### RECORDS PROVIDED ###

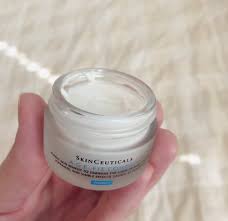 SkinCeuticals A.G.E Eye Complex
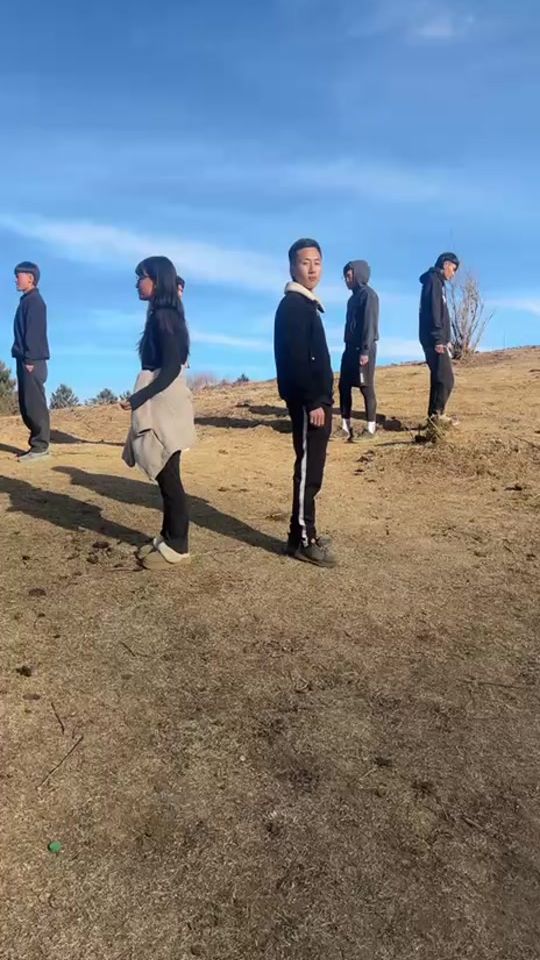 TikTok video thumbnail by ladydancer508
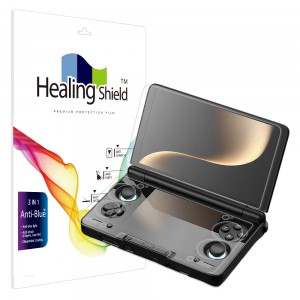 ��ǰ ������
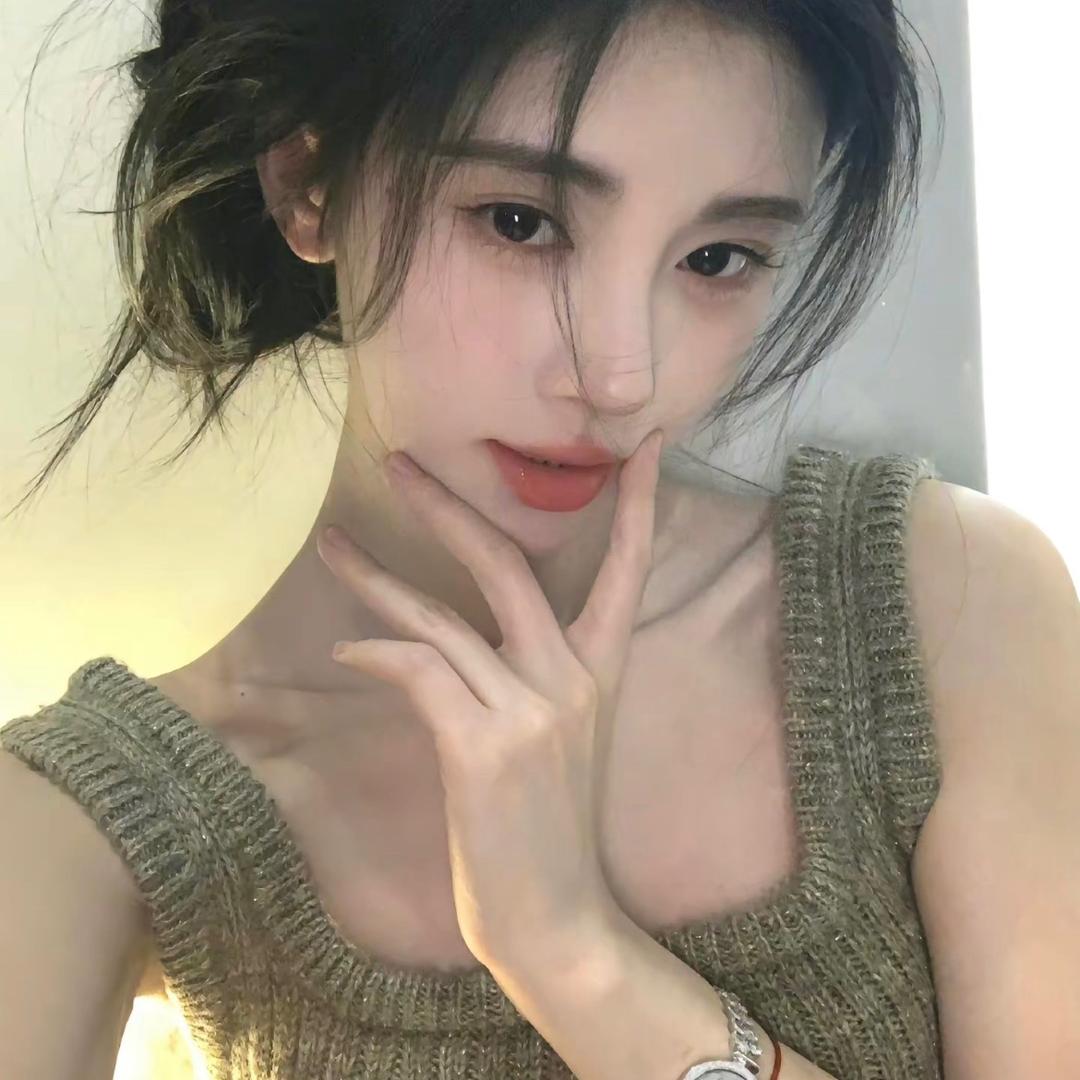 x雨天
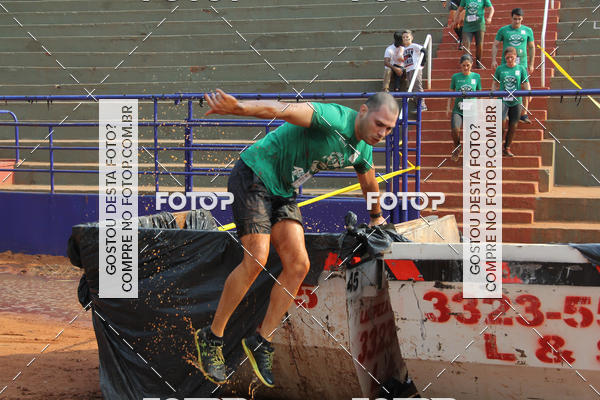 Buy your photos of the event1 Military Cross Run on Fotop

###

» WHAT TO PRODUCE: Repeat each entry exactly as it appears; skip any picture.

» YOUR RESPONSE:
 SkinCeuticals A.G.E Eye Complex
 TikTok video thumbnail by ladydancer508
 ��ǰ ������
 x雨天
 Buy your photos of the event1 Military Cross Run on Fotop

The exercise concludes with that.